Header Quote

"If you ain't got it in you, you can't blow it out."
— Louis Armstrong

Monday, October 10, 2011

Freddie Hubbard: Pinnacle Live and Unreleased from Keystone Korner

In jazz as in most things, I tend to prefer the subtler stuff, not the highest notes of the loudest playing. Maynard Ferguson would be my LEAST favorite jazz trumpeter, particularly after an adolescence in which all the high school trumpet players idolized him and had barely heard of Miles Davis.

But Freddie Hubbard was different. His frequent and spectacular flights into the upper register had a daring harmonic purpose. As he proudly knew, he sounded more like a saxophone player than a trumpeter in the way he serpentined his way up there, playing harmonically daring lines that shot into the stratosphere with real jazz daring. If you don't know it by heart already, I'm begging you to go now and listen to Freddie's brilliant solo on Herbie Hancock's classic "Maiden Voyage."



As a bandleader, Freddie was a mixed bag. He might be remembered more for this time with Art Blakey and the Jazz Messengers or for his countless Blue Note records (as a leader and as a sideman) that were not necessarily with working groups. But in the 1970s and '80s he led some hot bands on the strength of his successful CTI recordings (Red Clay, First Light) and some commercial stuff he did for Columbia that is mostly better forgotten.
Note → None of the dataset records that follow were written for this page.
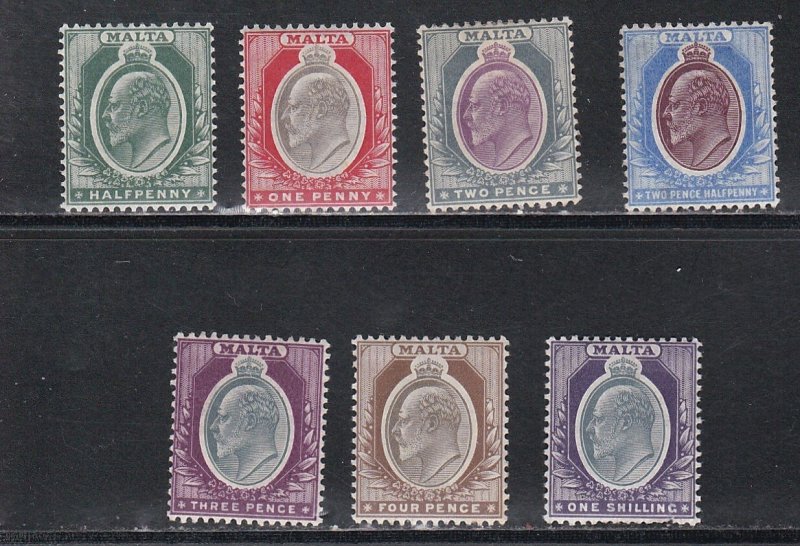 Malta # 21-27, King Edward VII, Mint Hinged, 1/2 of Hinged Cat.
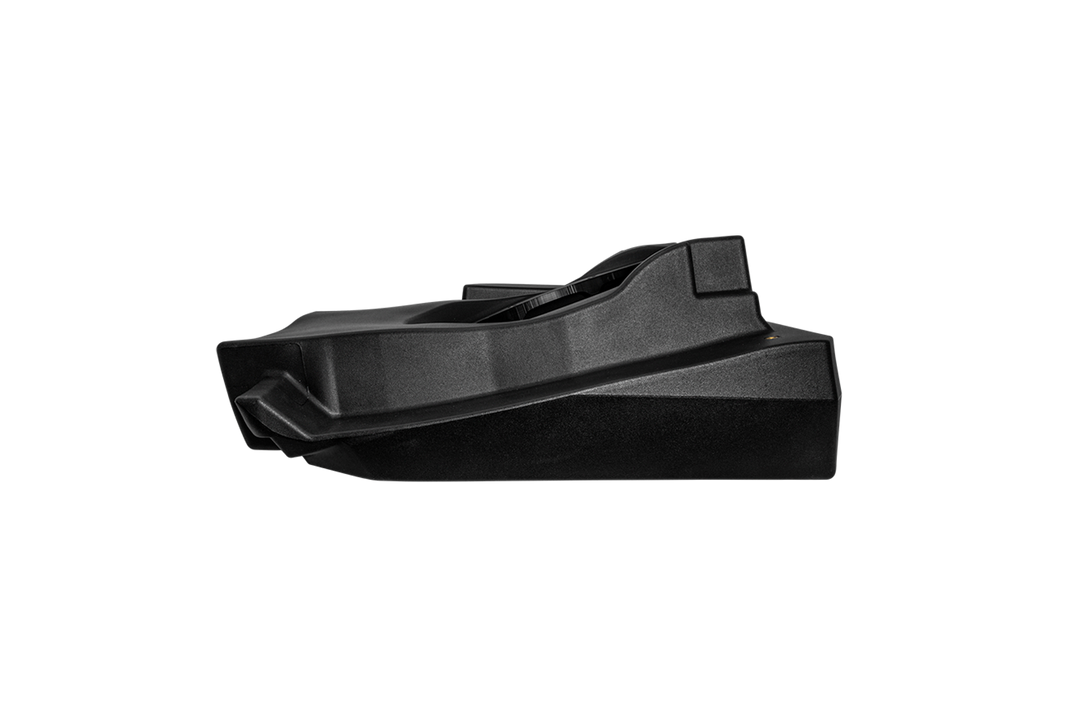 Black plastic molded base component for automotive interior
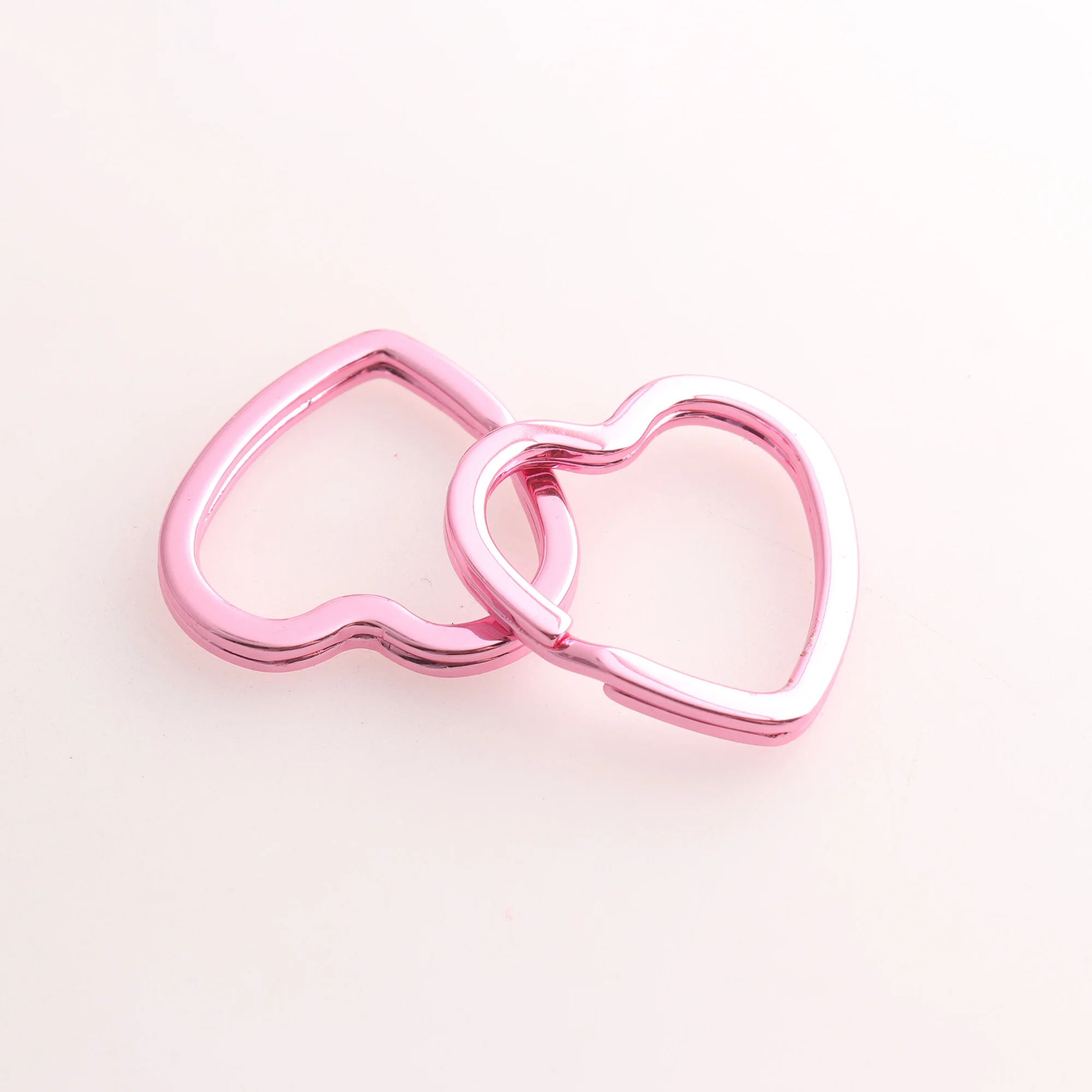 Pink Color Heart Shape Keyrings Metal Keychains Blue Split Rings for Key Chain Wholesale Lanyard Findings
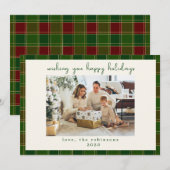 Groen Rood Plaid Aangepaste Foto Kerstmis Feestdagenkaart (Voorkant / Achterkant)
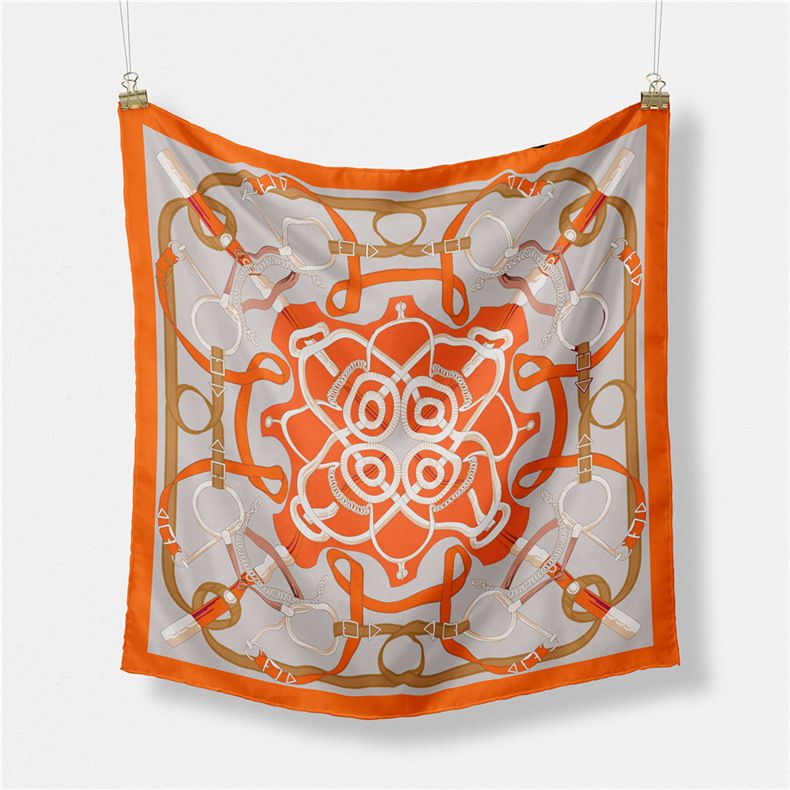 53 Small Square Belt Chain, Printed Silk New Professional Scarf, Satin Scarf_voghion.com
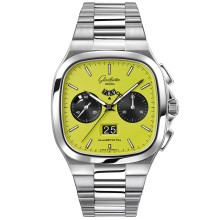 Seventies Chronograph Panorama Date vert et bracelet en acier inoxydable 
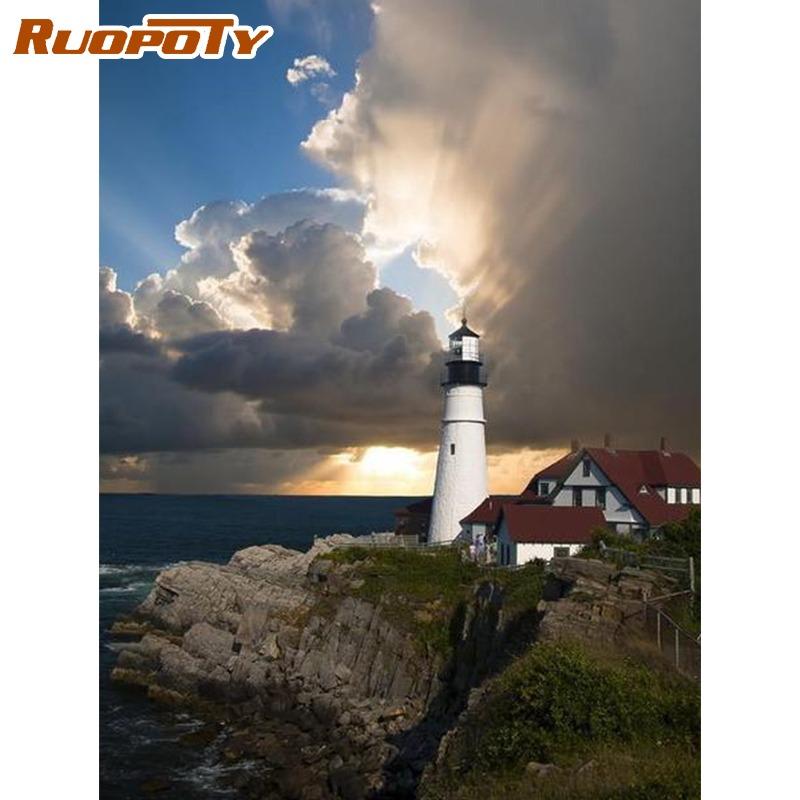 

Рамка RUOPOTY, сделай сам, картина по номерам, пейзажная картина по номерам для взрослых, акриловые настенные художественные декоры, ручная роспись, подарок своими руками 40x50CM DIY Frame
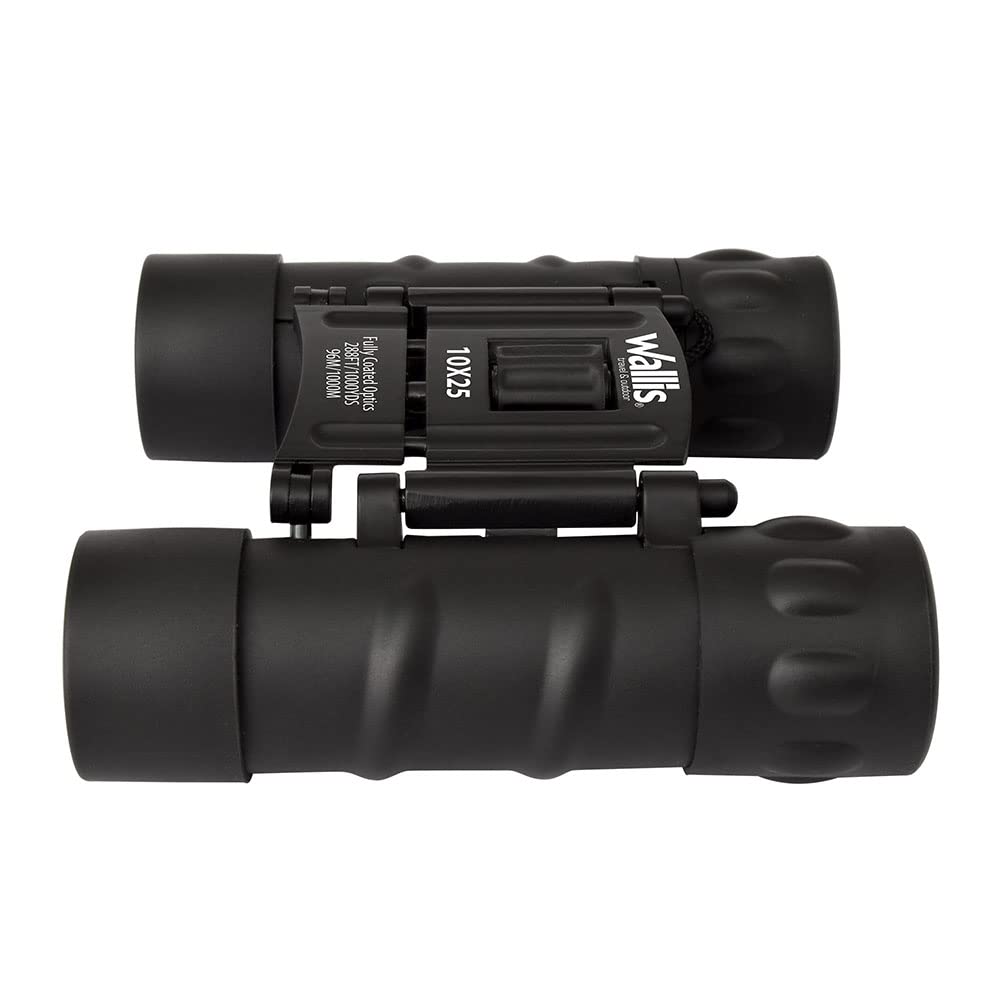 Binocular Compacto Wallis Negro Revestimiento Rubicon 10 x 25 mm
Freddie Hubbard: Pinnacle Live and Unreleased from Keystone Korner(reviewed in full on PopMatters here) collects some hot 1980 recordings from San Francisco's Keystone Korner, and great club. Billy Childs is on piano, and his playing is fully up to Hubbard's. The rest of playing is merely very good, but as a group these guys were seriously cookin'. And Freddie himself was probably never in better shape with his chops, his ideas, and his sense of freedom within the band.

The tunes offered here are a fine cross-section of the mid-career Freddie: "The Intrepid Fox" from Red Clay, "One of Another Kind" from the VSOP dates with Hancock, Shorter, Carter and Williams, "Blues for Duane" and the terrific "First Light." In addition, Hubbard plays it pretty on Michel LeGrand's Summer of '42 theme and plays a grrrrrreat and athletic solo on "Giant Steps"—the only recording of that jazz classic by Freddie, at least that I know of.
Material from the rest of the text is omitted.